Ramesh Sobti, Managing Director & CEO of IndusInd Bank, has been beefing up his sales force in the two-wheeler vehicle loan segment since the demonetisation drive by the government. "This is the best thing which has happened to India, merging the informal with the formal economy," says Sobti. Only 20 per cent of the total two-wheeler sales happen through financing but all this could change with the impact of demonetisation, believes Sobti. "This would change. It can be easily 40-60 per cent or even 100 per cent going ahead," he says.
While most of India Inc. agree that demonetisation will be good for India in the long run, no one knows how much time it will take the economy and the markets to recover. "We are getting mixed reactions on demonetisation and, therefore, it has become difficult to gauge its exact impact and the time it will take for the economy to bounce back," says Nilesh Shah, Managing Director at Kotak AMC, who is sure that the earnings of companies will be impacted but isn't sure when they will bounce back. "We will have to wait and watch how earnings of India Inc. shape up. Whether there will be a bounce back within three months or will it take six months," says Shah.

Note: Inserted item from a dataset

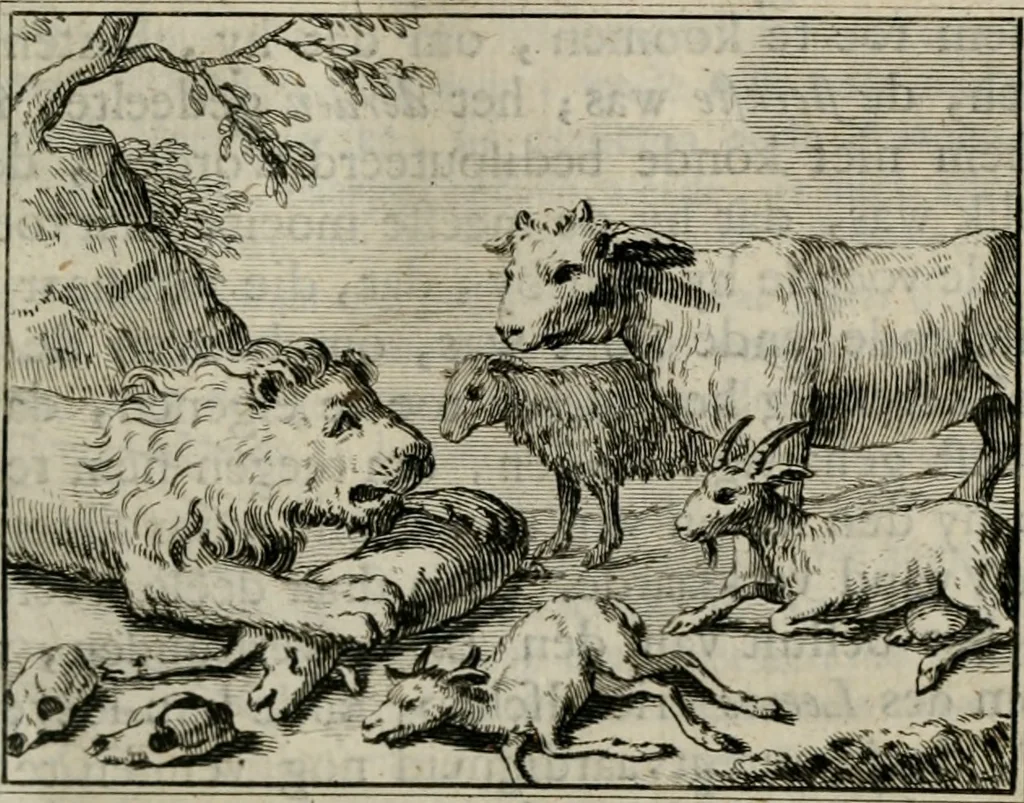 An illustration from Sinryke fabulen : verklaart en toegepast tot alderley zeede-lessen, dienstig om waargenoomen te werden in het menschelijke en burgerlijke leeven, 1685, leaf 102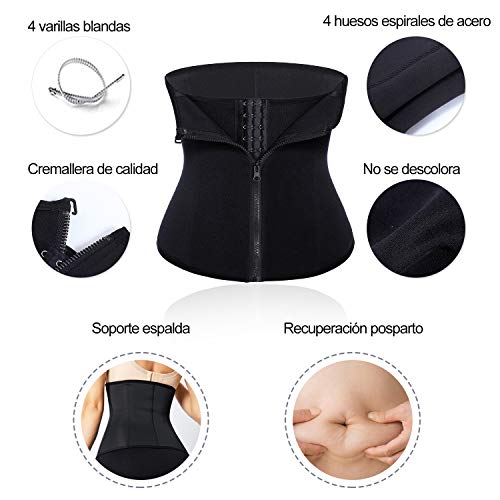 Bingrong Fitness Faja Cintura Entrenador de Cintura con Cremallera Faja Corset Fajas Reductoras Adelgazantes Mujer Waist Trainer Corset Faja Lumbar Moldeadora Bustier (Negro, Small)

Small wonder, then, that the stock market has been subdued since demonetisation. The 30-share BSE Sensex had dipped 897 points or 3.25 per cent till December 8. The Sensex slipped from 27,591 on November 8 to touch a low of 25,718 on November 21 before bouncing back to close at 26,694 on December 8. The slowdown in FII selling in the past few sessions has been the reason for the partial recovery in the Sensex. "Market players including FIIs are booking profits. With uncertainty around earnings, they didn't want to stay invested in the market," says Shah, adding that "the market is in a pendulum state. It will swing according to important events surrounding the market, which includes the US Fed Reserve decision to hike rates and Union Budget in February 2017". Markets will slide further if the Fed hikes rates soon and the fiscal deficit of the government is more than estimated, believe most analysts. "However, I don't see all the events being negative and, therefore, the markets will move up and down until corporate earnings regain sheen," says Shah.
Indeed, the Reserve Bank of Indias (RBI) decision to lower GDP growth estimates is a clear indication of short-term pain, warn some analysts. "FY17 earnings of old economy companies should be largely negative due to stunted demand and business cycle crackdowns. In this scenario, I expect the (NSE) Nifty to be rangebound with a downward bias. The Nifty should remain between 7600-8400 in the short term till March 2017. By then, the cash currency crisis should also ease," says Gurunath Mudlapur, Managing Director at Atherstone Capital Markets, a Mumbai-based investment bank. "Demonetisation in the short term will have a negative effect on the economy, especially in segments which have been largely dependent on cash to do business," he adds, pointing out that new-generation businesses - such as those related to technology, banking and finance - should come out as winners in this situation. Market players also expect large businesses in organised old-economy sectors like textiles, metals and commodities to also benefit as they will be able to swiftly manage the transition into non-cash modes of conducting operations.
A slowdown in FII inflows on the back of lacklustre earnings by corporates concerns most analysts. The market regained confidence in February 2016 on expectation of improved earnings and the index rose 30 per cent till the end of September 2016. But lacklustre earnings may lead to FIIs selling off which can be a huge dampener for the market. FIIs are still considered to be the lifeline of the Indian markets. Learn to live with volatility and avoid swimming against the tide, caution analysts. "After demonetisation there is a trust deficit among FIIs. The sense that we are getting after talking with some of the big institutional investors is that they aren't confident about the central bank and its autonomy," says Mudlapur. Already, a weak rupee is a concern and any wrong move from the central bank would see further outflow of money from India, impacting overall economy, he adds.
The markets, then, will take a cue from several events. Hardening oil prices would concern most players given its inflationary impact on the Indian economy. A possible Fed rate hike may prevent the RBI from pruning rates over the next few months. If the monsoon next year is weak, it could also weigh on sentiment and drag down the Sensex. Most players are keeping their eyes skinned for these imponderables.